■ **REQUIRED WORK**
If a line below contains the string "công", copy it out.

■ **TASK INPUT**

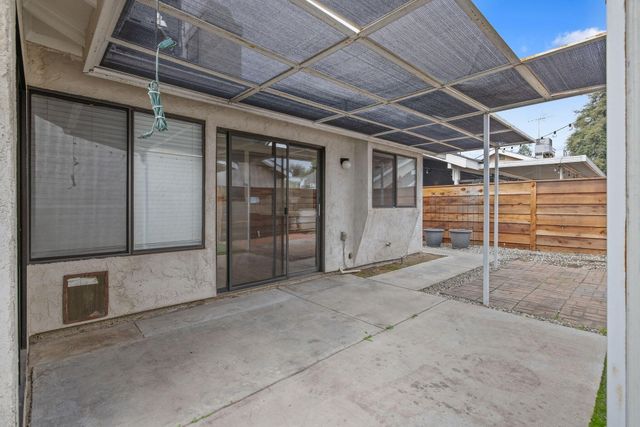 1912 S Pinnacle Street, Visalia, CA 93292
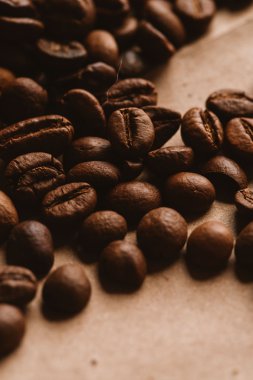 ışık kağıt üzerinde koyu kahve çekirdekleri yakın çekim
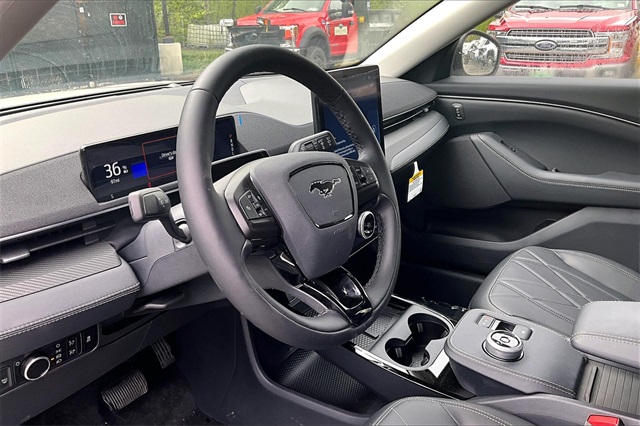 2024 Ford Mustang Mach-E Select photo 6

* * *

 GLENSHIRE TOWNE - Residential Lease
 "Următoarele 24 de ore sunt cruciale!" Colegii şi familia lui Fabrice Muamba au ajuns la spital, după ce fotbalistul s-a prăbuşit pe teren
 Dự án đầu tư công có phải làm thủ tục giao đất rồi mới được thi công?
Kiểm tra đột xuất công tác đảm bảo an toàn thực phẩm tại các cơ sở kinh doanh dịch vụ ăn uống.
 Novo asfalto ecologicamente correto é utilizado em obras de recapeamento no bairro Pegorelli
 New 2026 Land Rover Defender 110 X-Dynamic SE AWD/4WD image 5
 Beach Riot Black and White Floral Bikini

■ **EXERCISE RESPONSE**
 Dự án đầu tư công có phải làm thủ tục giao đất rồi mới được thi công?
Kiểm tra đột xuất công tác đảm bảo an toàn thực phẩm tại các cơ sở kinh doanh dịch vụ ăn uống.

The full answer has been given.